|
|
N°163, 09 ноября 2000 |
|
ИД "Время" |
|
|
|
|
Кому она нужна, эта ваша правда
В Мариинке поставили реалистичную «Саломею»
В репертуаре Мариинского театра опера «Саломея» уже была и особых нареканий не вызывала. Напротив, имелись все основания гордиться ее стильной и холодной картинкой, нарисованной в 1995 году модным сценографом Георгием Цыпиным. Отказавшись от имеющегося хорошего в пользу гипотетического лучшего, художественный руководитель Мариинки Валерий Гергиев уготовил новой постановке самой известной оперы Рихарда Штрауса малоприятную роль мальчика для битья. Не удивлюсь, если следующая мариинская премьера, «Сказки Гофмана», которую к ближайшей субботе выпускает супруга знаменитого тенора Марта Доминго, заслужит меньше упреков, чем этот вполне профессиональный спектакль.
Поставил его англичанин австралийского происхождения Дэвид Фриман -- режиссер, имеющий в Мариинском театре богатое прошлое и рассчитывающий на не менее великолепное будущее. Именно на него Гергиев сделал ставку в своем новом амбициозном проекте -- грядущей постановке всего вагнеровского «Кольца нибелунгов». И именно он был тем смельчаком, кто в 1991 году в прокофьевском «Огненном ангеле» выпустил на священную сцену Мариинки совершенно голых баб. Говорят, для премьеры ему пришлось договариваться с питерскими проститутками.

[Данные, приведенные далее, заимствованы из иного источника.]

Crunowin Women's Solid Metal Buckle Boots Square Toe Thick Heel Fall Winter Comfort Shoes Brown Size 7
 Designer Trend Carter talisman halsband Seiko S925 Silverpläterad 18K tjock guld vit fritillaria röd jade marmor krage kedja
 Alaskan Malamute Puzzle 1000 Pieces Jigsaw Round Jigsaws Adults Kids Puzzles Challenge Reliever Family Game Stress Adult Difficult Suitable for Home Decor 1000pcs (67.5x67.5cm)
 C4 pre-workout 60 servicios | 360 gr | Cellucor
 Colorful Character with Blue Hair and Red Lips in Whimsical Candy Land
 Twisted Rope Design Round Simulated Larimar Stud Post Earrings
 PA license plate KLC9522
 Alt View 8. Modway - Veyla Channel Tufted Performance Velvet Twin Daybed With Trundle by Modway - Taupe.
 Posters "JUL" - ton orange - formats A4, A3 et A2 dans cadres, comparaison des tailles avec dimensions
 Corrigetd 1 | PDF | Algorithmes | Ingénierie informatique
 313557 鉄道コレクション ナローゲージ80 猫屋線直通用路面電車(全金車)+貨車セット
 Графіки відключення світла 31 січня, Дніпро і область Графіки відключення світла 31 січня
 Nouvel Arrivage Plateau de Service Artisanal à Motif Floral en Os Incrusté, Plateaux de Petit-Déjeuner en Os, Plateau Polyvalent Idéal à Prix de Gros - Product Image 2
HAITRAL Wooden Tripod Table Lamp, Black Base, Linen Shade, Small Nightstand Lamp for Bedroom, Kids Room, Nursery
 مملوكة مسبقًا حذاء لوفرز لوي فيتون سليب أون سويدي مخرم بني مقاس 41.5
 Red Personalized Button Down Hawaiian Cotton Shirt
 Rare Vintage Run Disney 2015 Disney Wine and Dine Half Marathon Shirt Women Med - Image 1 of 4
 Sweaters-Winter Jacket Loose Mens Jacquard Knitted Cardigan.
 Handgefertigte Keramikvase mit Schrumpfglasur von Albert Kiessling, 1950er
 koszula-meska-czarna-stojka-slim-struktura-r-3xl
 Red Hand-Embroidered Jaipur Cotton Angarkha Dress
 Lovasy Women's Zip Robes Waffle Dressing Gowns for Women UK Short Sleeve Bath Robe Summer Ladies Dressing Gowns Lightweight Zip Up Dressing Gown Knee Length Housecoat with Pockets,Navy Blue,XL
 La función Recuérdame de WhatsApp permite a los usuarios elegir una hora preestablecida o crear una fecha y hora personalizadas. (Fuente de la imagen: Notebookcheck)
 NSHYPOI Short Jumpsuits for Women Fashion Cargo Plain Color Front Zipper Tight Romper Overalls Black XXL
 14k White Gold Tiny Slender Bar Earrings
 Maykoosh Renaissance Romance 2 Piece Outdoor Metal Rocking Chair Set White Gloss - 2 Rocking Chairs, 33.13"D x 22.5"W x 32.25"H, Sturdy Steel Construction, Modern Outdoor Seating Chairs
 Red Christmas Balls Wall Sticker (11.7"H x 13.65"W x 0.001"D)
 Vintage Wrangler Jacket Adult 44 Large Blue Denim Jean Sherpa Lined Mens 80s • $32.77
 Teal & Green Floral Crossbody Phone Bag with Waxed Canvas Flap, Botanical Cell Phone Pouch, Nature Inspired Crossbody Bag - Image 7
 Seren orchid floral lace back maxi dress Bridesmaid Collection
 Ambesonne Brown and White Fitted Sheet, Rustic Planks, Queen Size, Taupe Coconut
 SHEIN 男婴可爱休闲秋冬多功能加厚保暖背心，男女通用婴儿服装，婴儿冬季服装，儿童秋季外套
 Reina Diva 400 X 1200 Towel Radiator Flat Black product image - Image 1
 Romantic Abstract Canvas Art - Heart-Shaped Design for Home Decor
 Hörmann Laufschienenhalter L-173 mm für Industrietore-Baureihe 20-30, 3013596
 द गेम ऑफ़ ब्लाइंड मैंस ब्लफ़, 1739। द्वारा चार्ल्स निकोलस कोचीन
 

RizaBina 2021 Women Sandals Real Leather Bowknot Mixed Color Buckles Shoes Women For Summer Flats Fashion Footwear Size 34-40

Без обнаженного женского тела не обошлось и теперь -- благо, сюжет оперы Рихарда Штрауса и взятой им за основу пьесы Оскара Уайльда к тому располагает. В театре недобро шутили, что заглавная роль достанется той, кто в ключевой момент -- в «танце семи покрывал» -- согласится раздеться догола.
Если и так, то мезальянса не произошло. Премьеру пела хорошо знающая эту партию Валерия Стенькина, опыт которой не смутили никакие внешние обстоятельства. Режиссер наградил ее сутулостью подростка, настырностью избалованного ребенка и повадками любопытного зверька. Чего совершенно не было в ее роли, так это привычной гипертрофированной сексуальности. Саломея не декадентская развратница с извращенной психикой, а шаманка, ведьма, жрица, постепенно входящая в транс.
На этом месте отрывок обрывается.